Start of Task input

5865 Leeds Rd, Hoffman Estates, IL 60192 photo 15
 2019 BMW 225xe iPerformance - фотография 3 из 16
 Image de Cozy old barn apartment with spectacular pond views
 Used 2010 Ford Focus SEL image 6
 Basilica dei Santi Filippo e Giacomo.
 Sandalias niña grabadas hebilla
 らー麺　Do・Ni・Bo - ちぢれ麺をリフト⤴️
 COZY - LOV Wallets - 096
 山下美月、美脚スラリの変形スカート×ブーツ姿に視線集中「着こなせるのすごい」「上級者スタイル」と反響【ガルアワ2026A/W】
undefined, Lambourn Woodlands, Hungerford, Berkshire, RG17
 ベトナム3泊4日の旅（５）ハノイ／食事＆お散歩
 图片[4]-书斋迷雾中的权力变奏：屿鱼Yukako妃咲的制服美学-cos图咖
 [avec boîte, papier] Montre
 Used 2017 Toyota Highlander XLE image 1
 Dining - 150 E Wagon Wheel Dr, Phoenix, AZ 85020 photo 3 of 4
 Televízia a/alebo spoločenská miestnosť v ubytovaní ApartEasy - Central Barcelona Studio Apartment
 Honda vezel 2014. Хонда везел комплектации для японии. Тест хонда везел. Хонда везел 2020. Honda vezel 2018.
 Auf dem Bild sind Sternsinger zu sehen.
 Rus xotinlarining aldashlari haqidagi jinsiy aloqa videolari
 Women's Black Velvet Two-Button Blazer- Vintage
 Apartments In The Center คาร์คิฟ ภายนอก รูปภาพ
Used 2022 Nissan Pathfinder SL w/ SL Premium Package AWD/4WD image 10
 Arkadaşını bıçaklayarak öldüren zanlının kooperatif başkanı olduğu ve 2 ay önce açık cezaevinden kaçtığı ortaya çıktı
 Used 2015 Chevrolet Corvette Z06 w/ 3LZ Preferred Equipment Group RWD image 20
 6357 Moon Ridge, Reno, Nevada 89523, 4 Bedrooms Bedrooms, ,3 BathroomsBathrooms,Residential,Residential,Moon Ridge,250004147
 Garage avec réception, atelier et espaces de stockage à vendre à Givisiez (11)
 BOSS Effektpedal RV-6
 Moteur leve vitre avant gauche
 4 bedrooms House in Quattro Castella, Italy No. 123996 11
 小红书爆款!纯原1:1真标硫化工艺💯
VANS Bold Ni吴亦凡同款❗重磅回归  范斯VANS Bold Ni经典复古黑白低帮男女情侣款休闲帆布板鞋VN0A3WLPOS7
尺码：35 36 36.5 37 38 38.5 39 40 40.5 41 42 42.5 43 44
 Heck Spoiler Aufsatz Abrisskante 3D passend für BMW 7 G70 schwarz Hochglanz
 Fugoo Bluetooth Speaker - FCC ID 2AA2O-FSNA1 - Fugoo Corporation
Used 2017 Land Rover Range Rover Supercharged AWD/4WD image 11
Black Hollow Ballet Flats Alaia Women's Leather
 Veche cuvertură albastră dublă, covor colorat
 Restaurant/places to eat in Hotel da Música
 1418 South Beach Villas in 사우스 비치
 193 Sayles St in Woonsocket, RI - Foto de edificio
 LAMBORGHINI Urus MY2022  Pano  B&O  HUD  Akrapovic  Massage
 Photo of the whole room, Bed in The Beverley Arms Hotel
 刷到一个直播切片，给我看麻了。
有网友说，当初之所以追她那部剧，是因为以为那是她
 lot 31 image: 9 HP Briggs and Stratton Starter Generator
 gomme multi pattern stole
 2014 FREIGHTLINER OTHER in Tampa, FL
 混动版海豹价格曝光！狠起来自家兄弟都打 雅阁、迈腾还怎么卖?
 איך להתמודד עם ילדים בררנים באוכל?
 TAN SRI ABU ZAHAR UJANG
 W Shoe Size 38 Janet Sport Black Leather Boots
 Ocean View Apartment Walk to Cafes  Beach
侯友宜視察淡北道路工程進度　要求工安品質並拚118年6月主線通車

End of Task input

#### [Task details]
Write out, from the lines above, only those from the line with "Basilica dei Santi Filippo e Giacomo." to the line with "193 Sayles St", exactly as given, including the first and the last.

#### [Result below]
 Basilica dei Santi Filippo e Giacomo.
 Sandalias niña grabadas hebilla
 らー麺　Do・Ni・Bo - ちぢれ麺をリフト⤴️
 COZY - LOV Wallets - 096
 山下美月、美脚スラリの変形スカート×ブーツ姿に視線集中「着こなせるのすごい」「上級者スタイル」と反響【ガルアワ2026A/W】
undefined, Lambourn Woodlands, Hungerford, Berkshire, RG17
 ベトナム3泊4日の旅（５）ハノイ／食事＆お散歩
 图片[4]-书斋迷雾中的权力变奏：屿鱼Yukako妃咲的制服美学-cos图咖
 [avec boîte, papier] Montre
 Used 2017 Toyota Highlander XLE image 1
 Dining - 150 E Wagon Wheel Dr, Phoenix, AZ 85020 photo 3 of 4
 Televízia a/alebo spoločenská miestnosť v ubytovaní ApartEasy - Central Barcelona Studio Apartment
 Honda vezel 2014. Хонда везел комплектации для японии. Тест хонда везел. Хонда везел 2020. Honda vezel 2018.
 Auf dem Bild sind Sternsinger zu sehen.
 Rus xotinlarining aldashlari haqidagi jinsiy aloqa videolari
 Women's Black Velvet Two-Button Blazer- Vintage
 Apartments In The Center คาร์คิฟ ภายนอก รูปภาพ
Used 2022 Nissan Pathfinder SL w/ SL Premium Package AWD/4WD image 10
 Arkadaşını bıçaklayarak öldüren zanlının kooperatif başkanı olduğu ve 2 ay önce açık cezaevinden kaçtığı ortaya çıktı
 Used 2015 Chevrolet Corvette Z06 w/ 3LZ Preferred Equipment Group RWD image 20
 6357 Moon Ridge, Reno, Nevada 89523, 4 Bedrooms Bedrooms, ,3 BathroomsBathrooms,Residential,Residential,Moon Ridge,250004147
 Garage avec réception, atelier et espaces de stockage à vendre à Givisiez (11)
 BOSS Effektpedal RV-6
 Moteur leve vitre avant gauche
 4 bedrooms House in Quattro Castella, Italy No. 123996 11
 小红书爆款!纯原1:1真标硫化工艺💯
VANS Bold Ni吴亦凡同款❗重磅回归  范斯VANS Bold Ni经典复古黑白低帮男女情侣款休闲帆布板鞋VN0A3WLPOS7
尺码：35 36 36.5 37 38 38.5 39 40 40.5 41 42 42.5 43 44
 Heck Spoiler Aufsatz Abrisskante 3D passend für BMW 7 G70 schwarz Hochglanz
 Fugoo Bluetooth Speaker - FCC ID 2AA2O-FSNA1 - Fugoo Corporation
Used 2017 Land Rover Range Rover Supercharged AWD/4WD image 11
Black Hollow Ballet Flats Alaia Women's Leather
 Veche cuvertură albastră dublă, covor colorat
 Restaurant/places to eat in Hotel da Música
 1418 South Beach Villas in 사우스 비치
 193 Sayles St in Woonsocket, RI - Foto de edificio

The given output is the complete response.